▸ **Data to use**:
────────
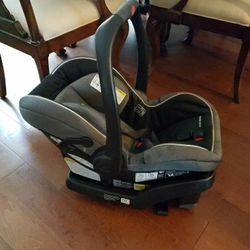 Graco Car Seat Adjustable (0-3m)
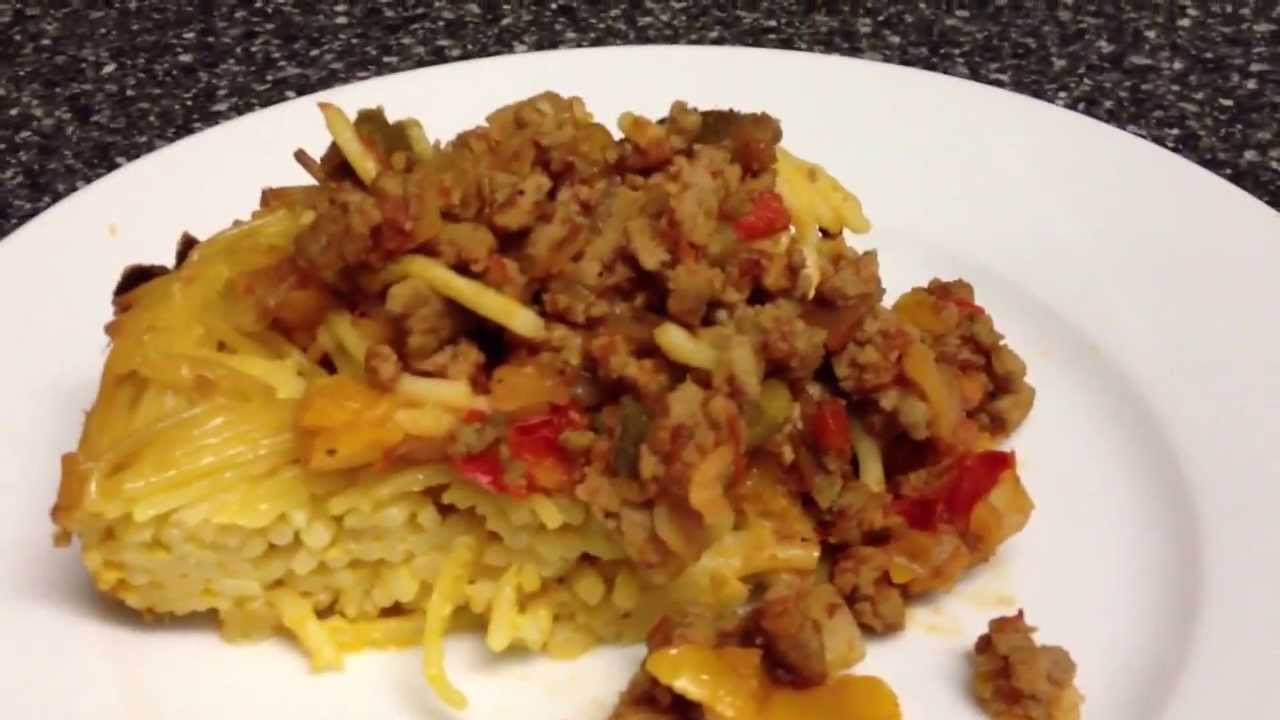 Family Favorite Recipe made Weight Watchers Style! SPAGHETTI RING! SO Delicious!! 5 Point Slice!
────────
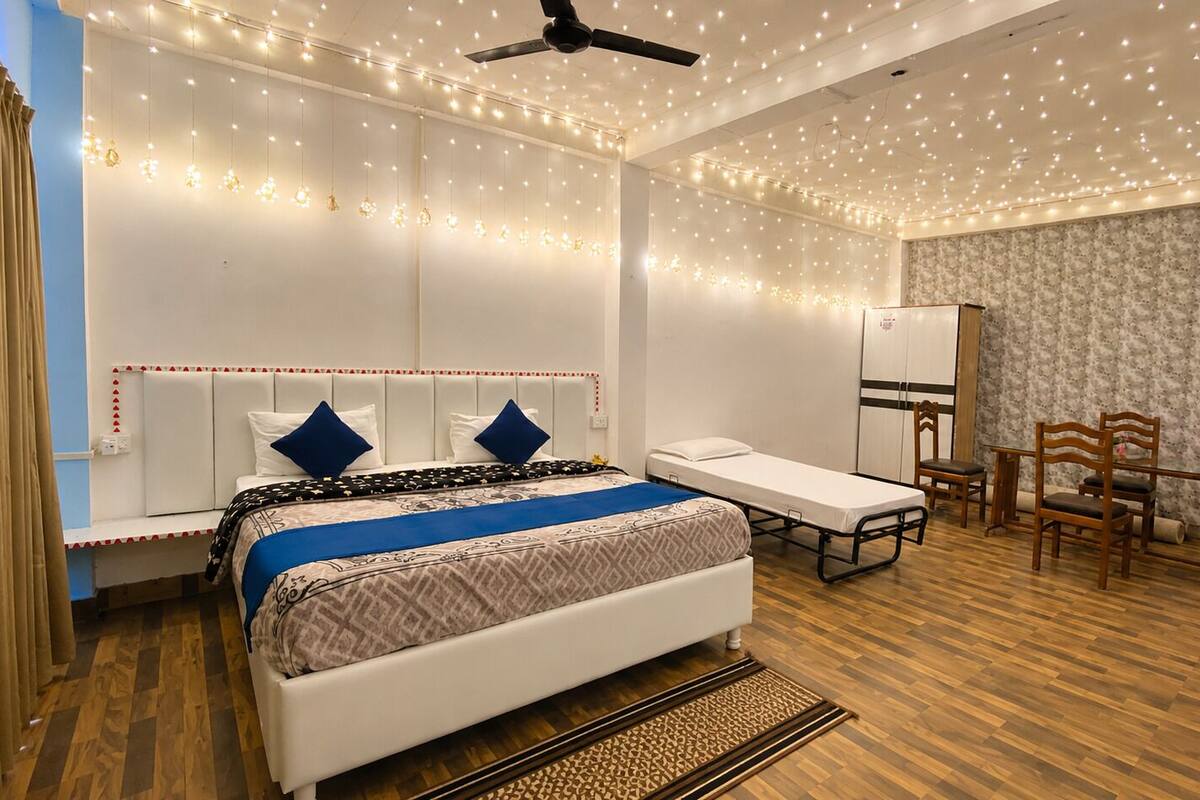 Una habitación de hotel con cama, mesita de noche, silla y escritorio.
────────
▸ **Exercise**: Restate word for word every line from the one with "Graco Car Seat Adjustable (0-3m)" up to and including the one with "Family Favorite Recipe" in the records above, minus the pictures.

▸ **Response**:
 Graco Car Seat Adjustable (0-3m)
 Family Favorite Recipe made Weight Watchers Style! SPAGHETTI RING! SO Delicious!! 5 Point Slice!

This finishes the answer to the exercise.